Milk

Milk (Directed by Gus Van Sant)

After the Open Stack meeting at the Digg offices the other week, I turned down a kind offer from Tony to allow me to invade his dinner date and walked back to my hotel. The route took me up Sixteenth St, through the Mission, past Castro and into the Haight. Having mostly spent my San Francisco time further up Market St and around the various companies who make their homes in SoMa, it was a side to the city I’d never seen before – particularly at night.

Alongside the Christmas lights and leftover Obama posters (“HOPE” shone from nearly every window), Castro was glowing with anti-Proposition 8 signs. (Prop 8 is the unconstitutional, recently-passed legislation that formalises marriage as being between a man and a woman.) The sidewalks along Market St were filled with openly gay couples being free and open with each other, in a way that – despite significant civil rights advances – you still really don’t see anywhere.

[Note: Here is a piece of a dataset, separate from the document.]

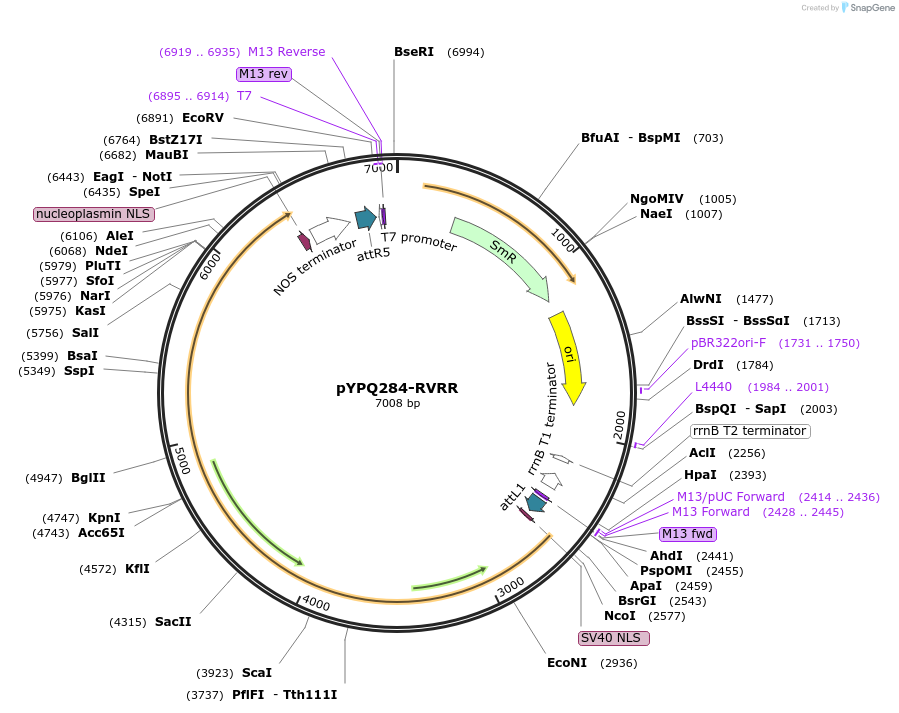 160327-plasmid-map-sequence-id-317695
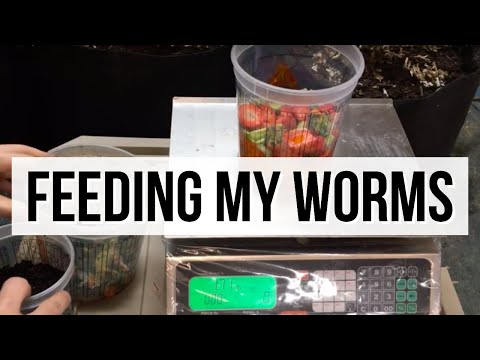 First Feeding Of The New Worm Bin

Milk is the story of Harvey Milk, the “Mayor of Castro St”, who was the first openly gay man to hold public office in the United States. It does have its flaws, but as Jeff Jarvis says:

Sean Penn does an incredible job capturing Milk’s intensity, humor, joy, and decency. It is a great performance. […] What Milk does brilliantly is portray the moment and the movement in intimate human terms, not with soaring music, not with gay cliches, not with PC delicacies but with emotion and reality. I recommend it highly.

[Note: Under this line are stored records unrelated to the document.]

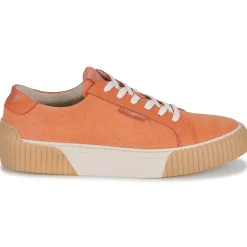 Fericelli - FEERIQUE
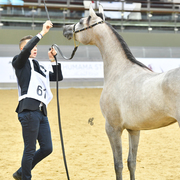  Mazayen Al Jood: Yearling Filly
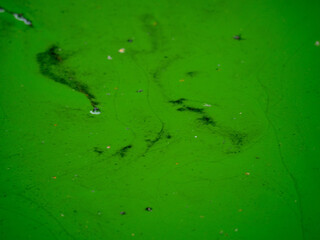 Abstract Close-up of Green Algae Water Surface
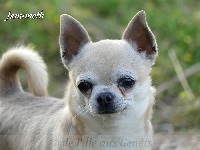 Étalon Chihuahua - Janumeth de l'île aux genêts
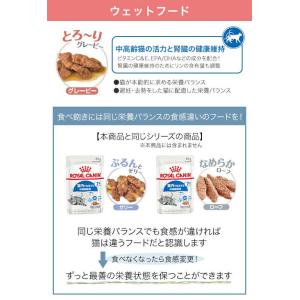 ロイヤルカナン 猫 7歳からの室内猫用セット ...の詳細画像5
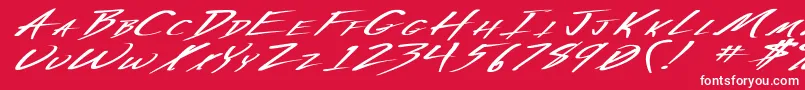 VeckerExBoldItalic Font – White Fonts on Red Background
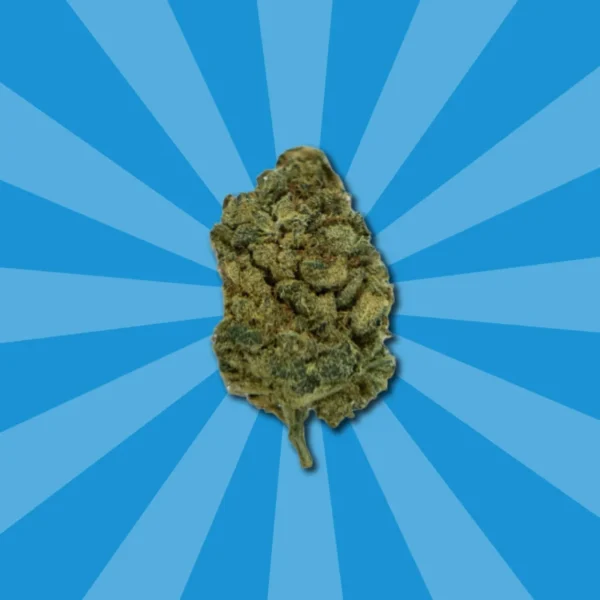 FORBIDDEN FRUIT CBD – Bild 4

Alongside Wall-E, I think it’s one of the best films I’ve seen over the last twelve months. (And on that note, if you don’t believe a kids’ cartoon can be a genuinely good movie with wide appeal and message, I recommend you give it a try …)

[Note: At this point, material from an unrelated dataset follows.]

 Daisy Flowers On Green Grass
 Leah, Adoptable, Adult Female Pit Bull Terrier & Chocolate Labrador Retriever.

What has struck me, though, is that the movie only seems to be opening in cities – in other words, bypassing the more homophobic small town communities that could really use it. As this article in the Pittsburgh Post-Gazette notes:

Even with strides, remnants of the discrimination that people like Mr. Milk and Mr. Bell faced still linger, school officials say, and that is why they need safe and supportive environments for students who are gay.

Last year the Gay, Lesbian and Straight Education Network unveiled its “National School Climate Survey.” Of the 6,200 gay middle and high school students surveyed, about 90 percent had been harassed and 60 percent said they felt unsafe at school because of their sexual orientation.

One of the most powerful moments in the movie comes when Milk realises he is empowering young people across the country who previously thought, and were being told, that there was something wrong with them – which is one reason why this inspirational film should have wide distribution. Another is that it’s an exceptionally well-made, powerful film that any intelligent person should enjoy.